» WHAT YOU SHOULD DO: Nothing but the lines below from the one with "puff 3y skatingpondskirt" through the one with "Art Blocks - Art" should be output, each exactly as given, and no pictures.

» INFORMATION SHOWN:

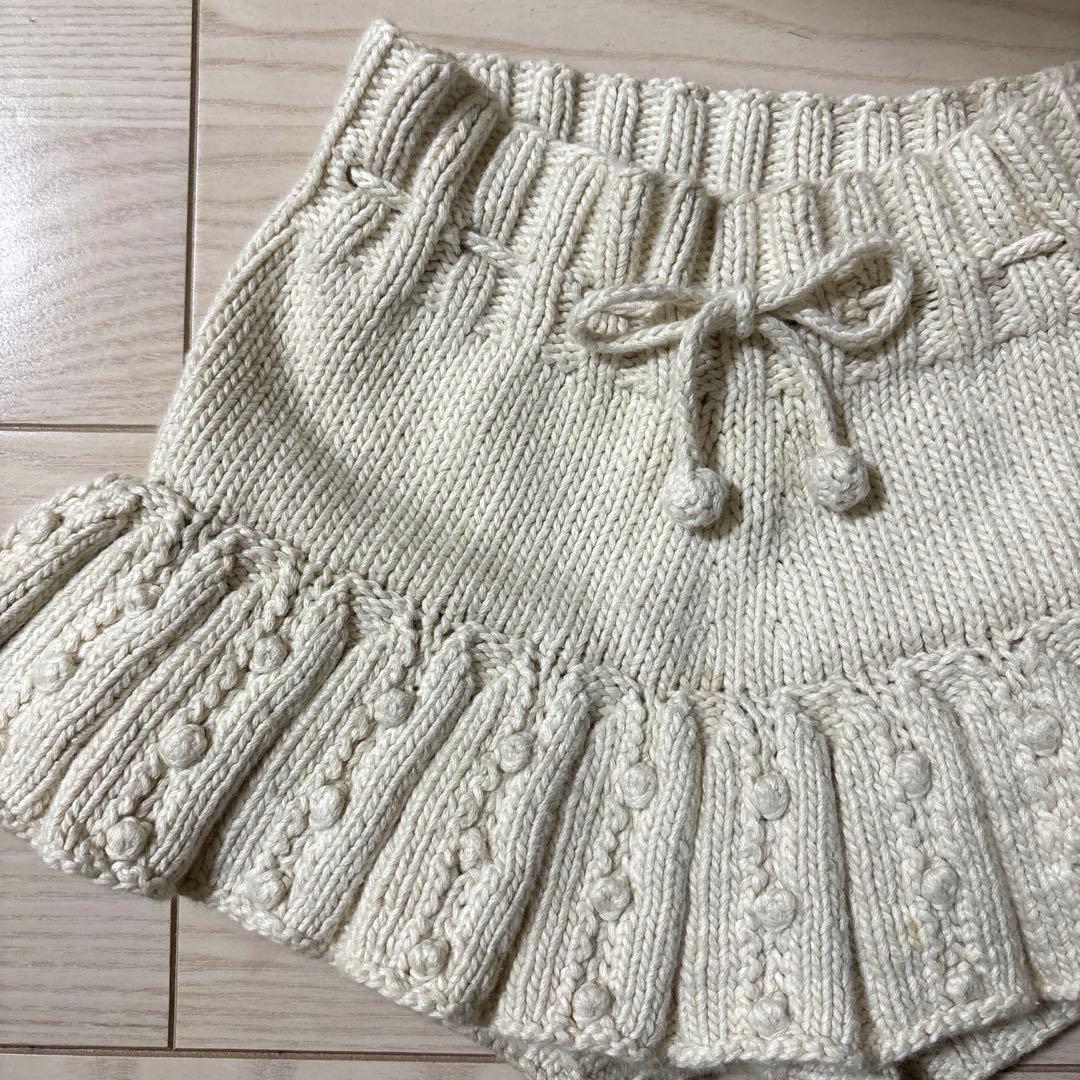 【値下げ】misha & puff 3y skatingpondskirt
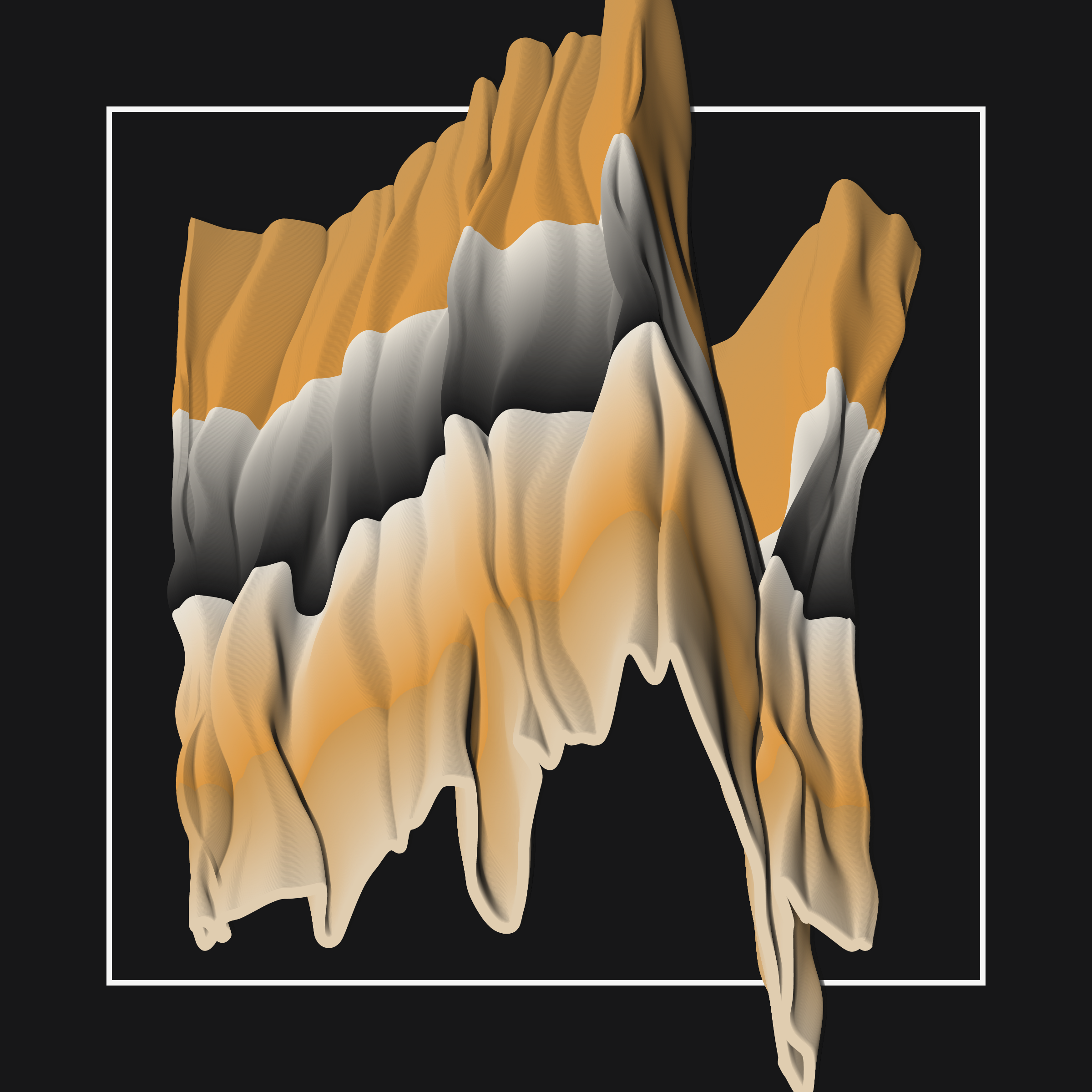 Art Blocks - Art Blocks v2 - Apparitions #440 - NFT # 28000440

==

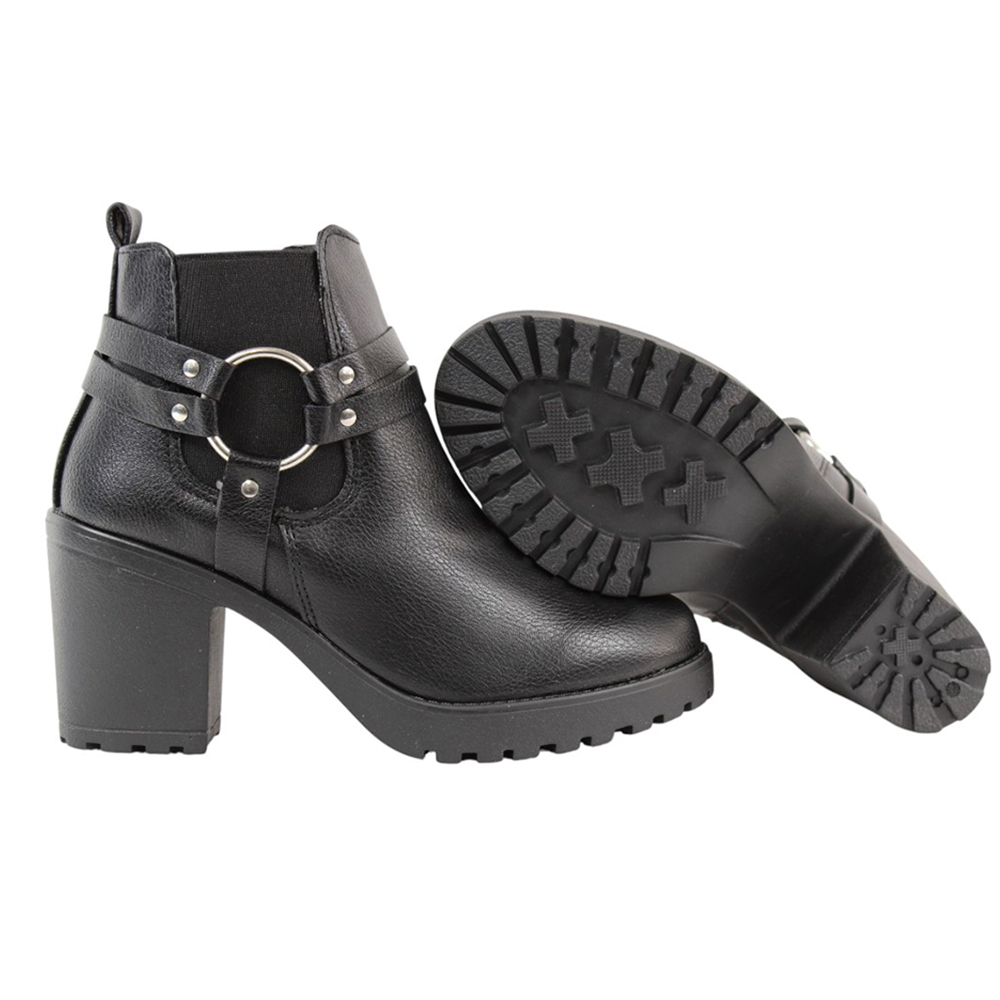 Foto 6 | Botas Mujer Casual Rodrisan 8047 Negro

==

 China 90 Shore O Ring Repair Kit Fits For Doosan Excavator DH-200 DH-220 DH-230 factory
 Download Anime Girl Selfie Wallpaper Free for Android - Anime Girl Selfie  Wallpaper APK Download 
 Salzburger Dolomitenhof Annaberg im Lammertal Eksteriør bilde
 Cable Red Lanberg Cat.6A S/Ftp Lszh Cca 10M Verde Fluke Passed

» RESULT OF THE EXERCISE:
 【値下げ】misha & puff 3y skatingpondskirt
 Art Blocks - Art Blocks v2 - Apparitions #440 - NFT # 28000440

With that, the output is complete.